• **PROBLEM**:
If you see a picture in the data below, omit it and copy the rest exactly.

DATA SEGMENT Block Start

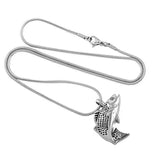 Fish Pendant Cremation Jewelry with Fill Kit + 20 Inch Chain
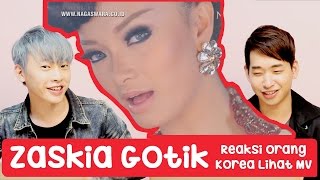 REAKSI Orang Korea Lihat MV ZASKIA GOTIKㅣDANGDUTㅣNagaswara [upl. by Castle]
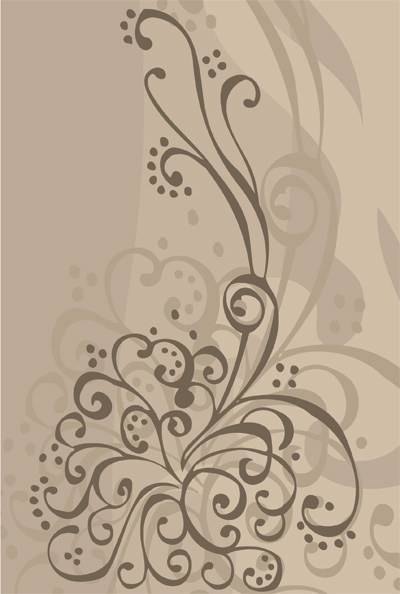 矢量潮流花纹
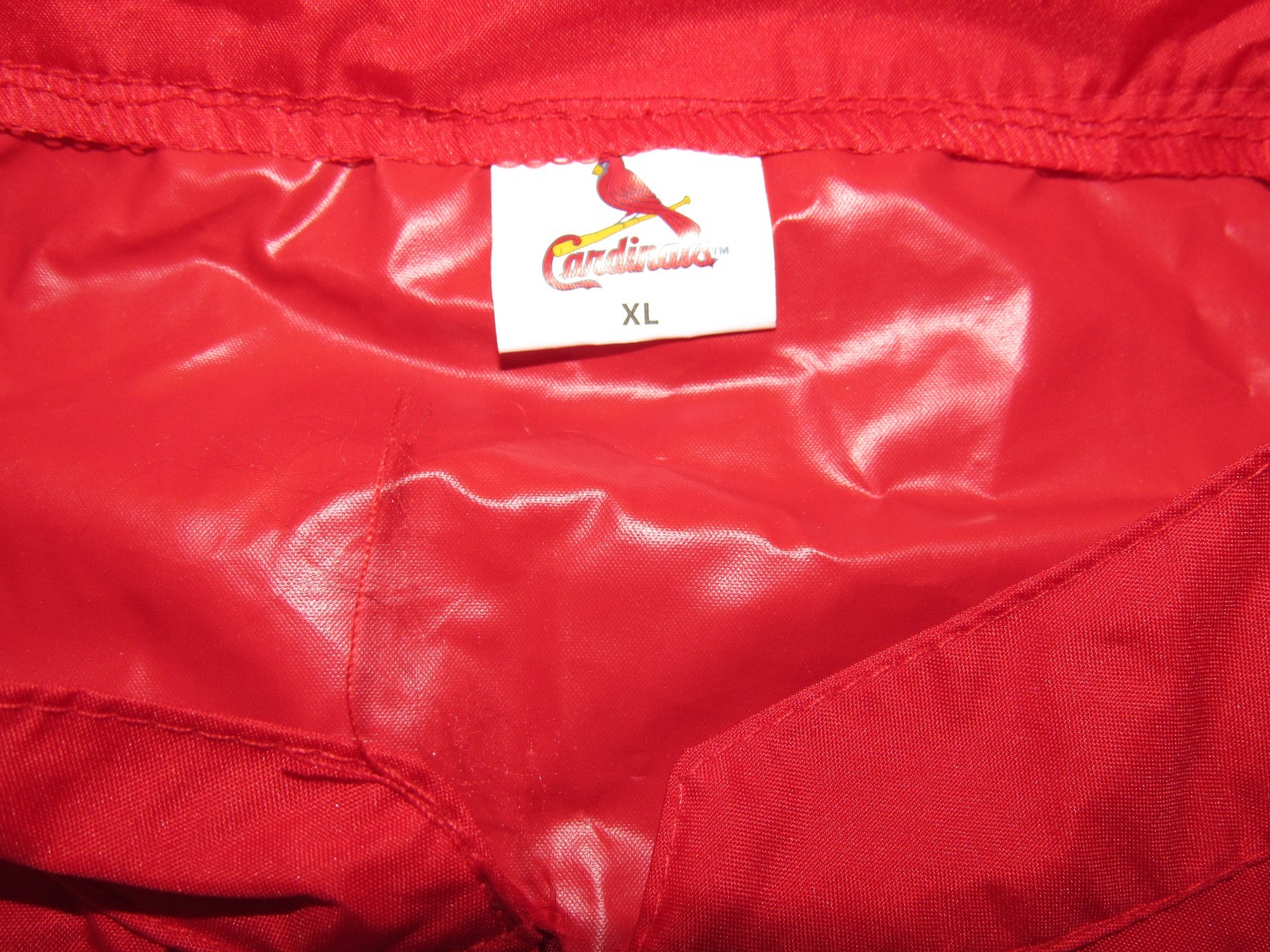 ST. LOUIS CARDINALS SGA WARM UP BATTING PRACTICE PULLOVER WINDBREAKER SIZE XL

DATA SEGMENT Block End

• **SOLUTION BELOW**:
 Fish Pendant Cremation Jewelry with Fill Kit + 20 Inch Chain
 REAKSI Orang Korea Lihat MV ZASKIA GOTIKㅣDANGDUTㅣNagaswara [upl. by Castle]
 矢量潮流花纹
 ST. LOUIS CARDINALS SGA WARM UP BATTING PRACTICE PULLOVER WINDBREAKER SIZE XL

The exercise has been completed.